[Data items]

※ ※ ※

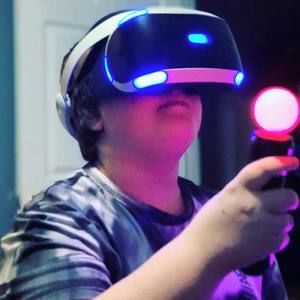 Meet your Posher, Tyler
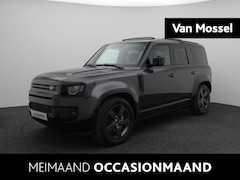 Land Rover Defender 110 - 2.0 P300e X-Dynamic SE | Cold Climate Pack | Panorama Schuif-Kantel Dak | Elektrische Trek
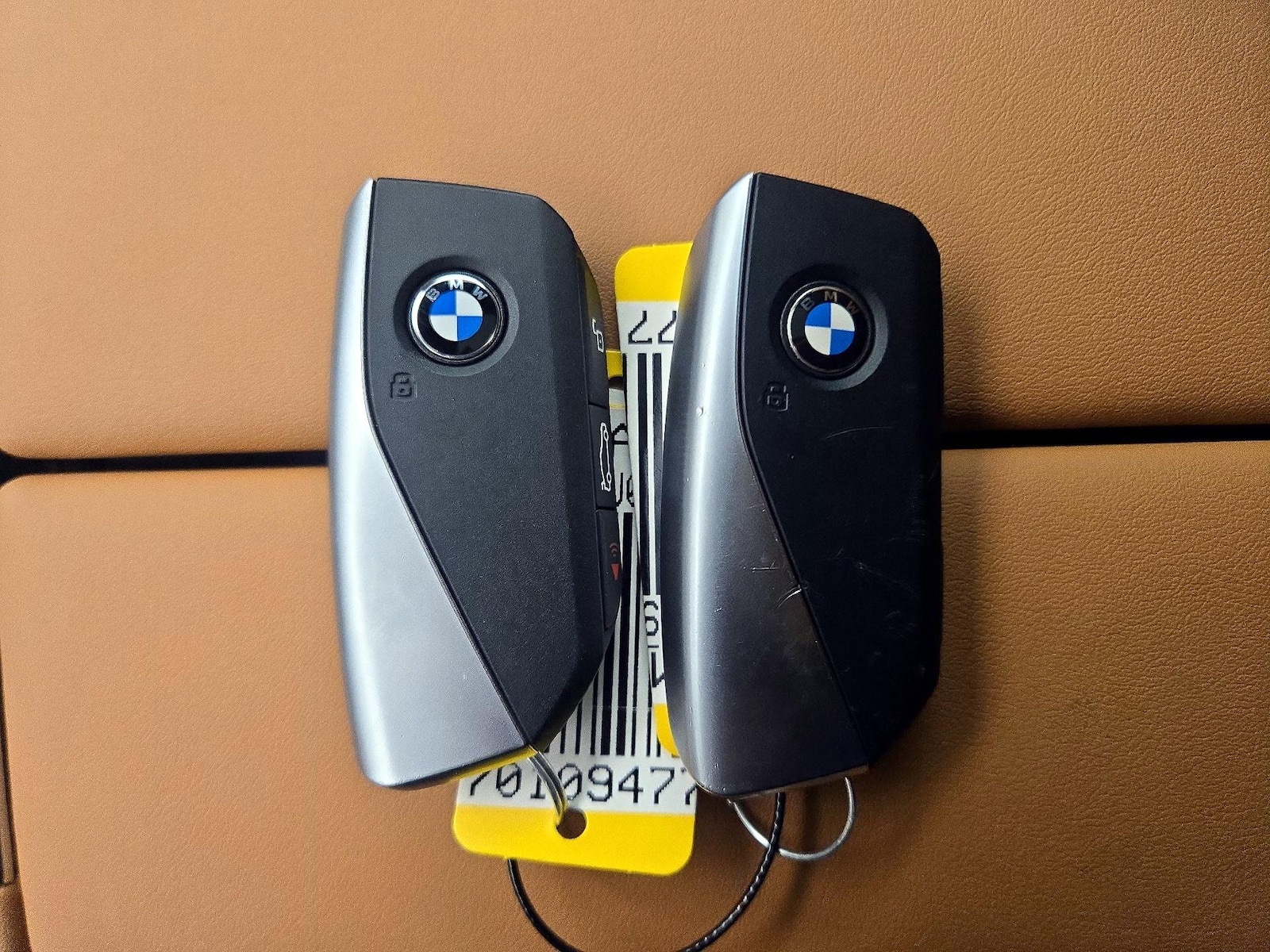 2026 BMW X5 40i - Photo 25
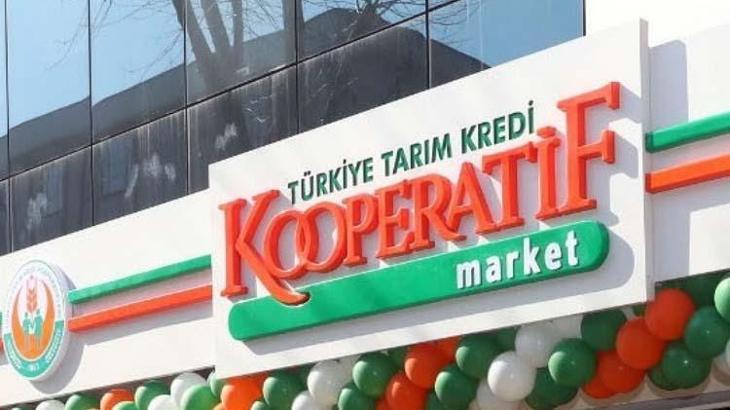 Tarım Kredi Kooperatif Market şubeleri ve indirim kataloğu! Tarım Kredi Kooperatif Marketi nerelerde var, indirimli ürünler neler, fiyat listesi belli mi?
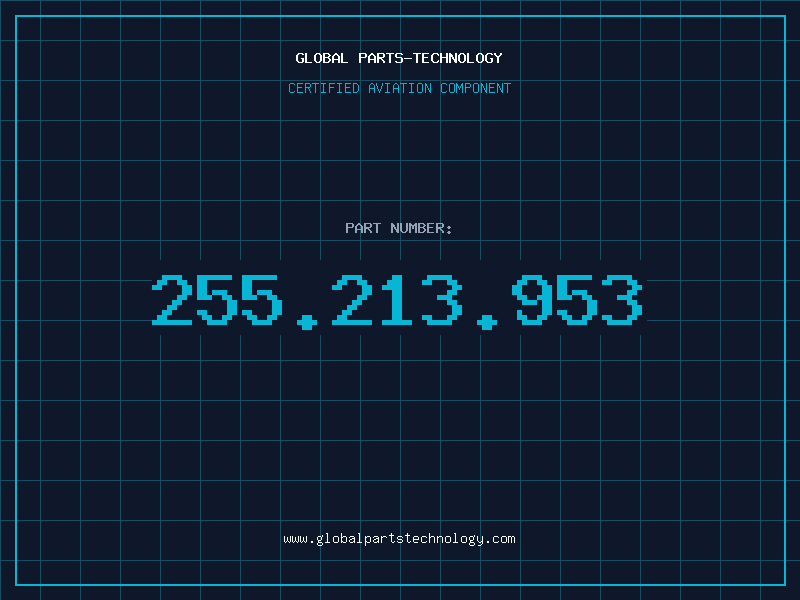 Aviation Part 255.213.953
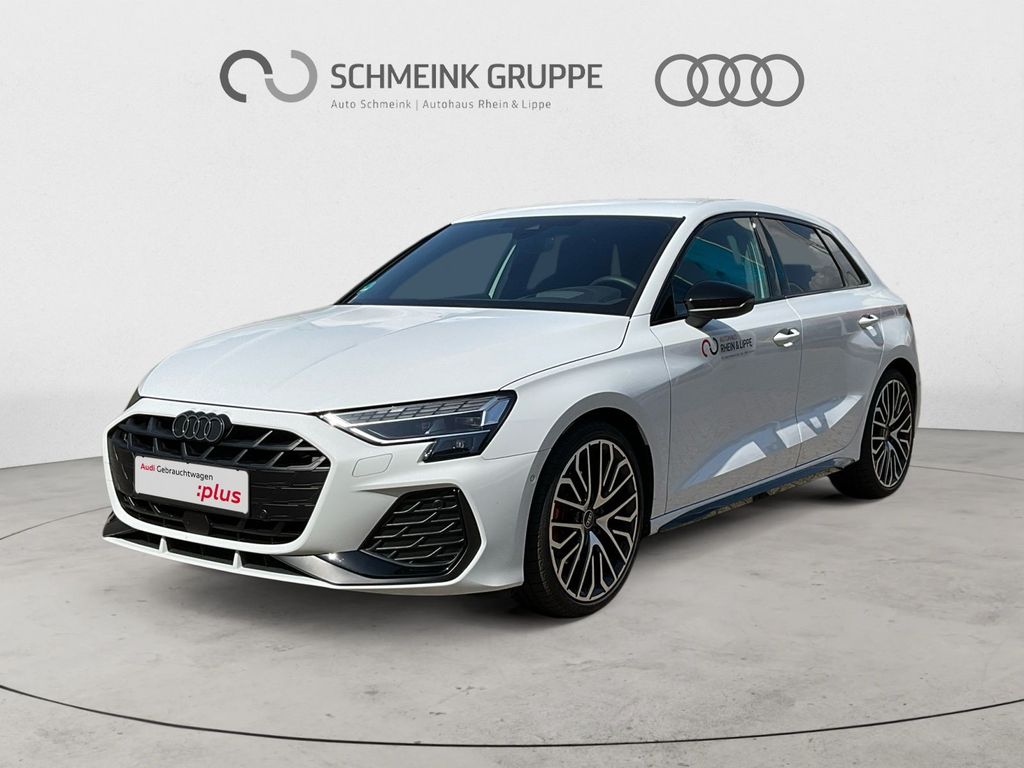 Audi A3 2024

※ ※ ※

Starting at the line that contains "2026 BMW X5 40i - Photo 25", transcribe each line through the last one of the entries above, exactly and without pictures.

 2026 BMW X5 40i - Photo 25
 Tarım Kredi Kooperatif Market şubeleri ve indirim kataloğu! Tarım Kredi Kooperatif Marketi nerelerde var, indirimli ürünler neler, fiyat listesi belli mi?
 Aviation Part 255.213.953
 Audi A3 2024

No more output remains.